The technology is new, but the idea isn’t. This was what happened in Egypt’s Nile Delta for centuries – until the 1980s, when the land’s fertility began to decline. When scientists investigated, they discovered that over time, the Aswan Dam had interrupted the seasonal cycle of flooding that had enriched the soil with minerals, nutrients and clay particles. The clay was particularly important, it turned out, and that is what Desert Control is mimicking.

Photo by Oziel Gómez from Pexels

Here is how the BBC explained it:

“Rewind 10 years to the building of the Aswan Dam across the Nile in southern Egypt during the 1960s. This remarkable 2.5 miles (4km) wide structure was built to generate hydroelectricity and regulate flooding so farming could become more manageable and predictable. But it also stopped all that good stuff flowing downstream.
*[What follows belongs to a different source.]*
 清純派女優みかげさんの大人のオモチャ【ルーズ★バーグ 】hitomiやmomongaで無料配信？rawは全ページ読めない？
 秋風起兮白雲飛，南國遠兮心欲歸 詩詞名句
A decade without this annual top-up, and all the fertility in the delta soils had been used up.”

In identifying the problem, however, researchers had also found a solution that could be used far more widely around the world.
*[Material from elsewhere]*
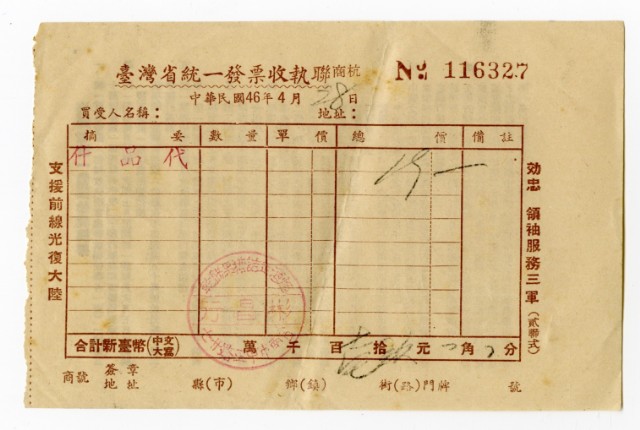 台灣省統一發票 No. 116327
“It’s like what you might see in your garden,” Sivertsen explained to the BBC.“Thin soils with little to them struggle to hold onto moisture or allow plants to thrive. The presence of clay in the right proportions can drastically change all that.” Farmers have been amending their soil for a long time, but adding clay is hard work and can add to global warming by exposing sequestered carbon to the atmosphere. What Desert Control has done is to figure out a simple and easy way to add the clay. Their Liquid Natural Clay, or nanoclay, is taking unproductive desert land “from sand to hope”.

“Desert Control’s process is non-intrusive, compared to most existing treatments and technologies that are intrusive,” the company says. “There is no need to mechanically work large amounts of clay into the soil in a matter that is often complicated, costly, time consuming and less effective. To achieve a similar result as Desert Control achieves with 1kg of LNC per m2 would require up to 100kg of clay per m2 with a traditional treatment. Desert Control has spent 12 years of R&D and field testing, which underpins the complexity and the effort that is put into the technology. The result is a solution which can reduce desertification and make earth green again.”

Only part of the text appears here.